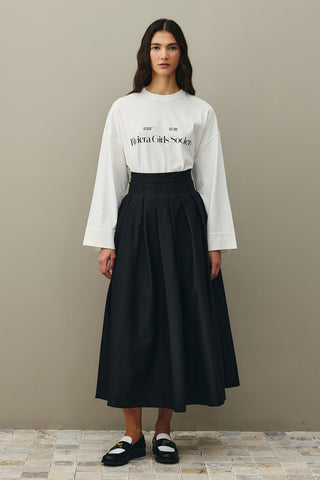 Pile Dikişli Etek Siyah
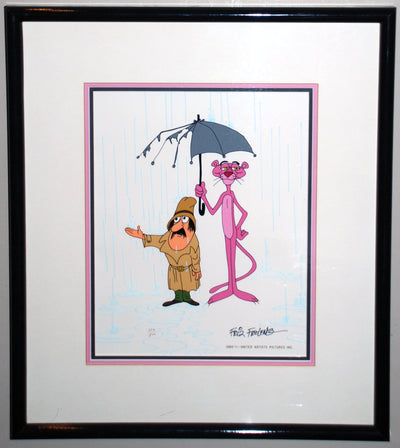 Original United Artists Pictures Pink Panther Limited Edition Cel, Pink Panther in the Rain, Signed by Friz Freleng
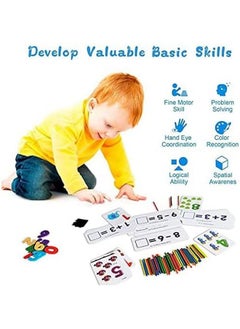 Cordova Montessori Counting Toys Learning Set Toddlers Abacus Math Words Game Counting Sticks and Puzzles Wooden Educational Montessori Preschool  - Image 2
==
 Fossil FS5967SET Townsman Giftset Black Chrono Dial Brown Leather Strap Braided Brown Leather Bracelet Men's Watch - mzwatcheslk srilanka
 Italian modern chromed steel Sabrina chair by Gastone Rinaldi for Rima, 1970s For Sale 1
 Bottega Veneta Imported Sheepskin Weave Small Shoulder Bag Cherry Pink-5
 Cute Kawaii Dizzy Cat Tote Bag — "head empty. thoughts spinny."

EXERCISE PROMPT.
Once you find the line with "Italian modern chromed" in the entries above, output it and each line after it up to and including the line with "Cute Kawaii Dizzy", and nothing else.

SOLVED PROBLEM.
 Italian modern chromed steel Sabrina chair by Gastone Rinaldi for Rima, 1970s For Sale 1
 Bottega Veneta Imported Sheepskin Weave Small Shoulder Bag Cherry Pink-5
 Cute Kawaii Dizzy Cat Tote Bag — "head empty. thoughts spinny."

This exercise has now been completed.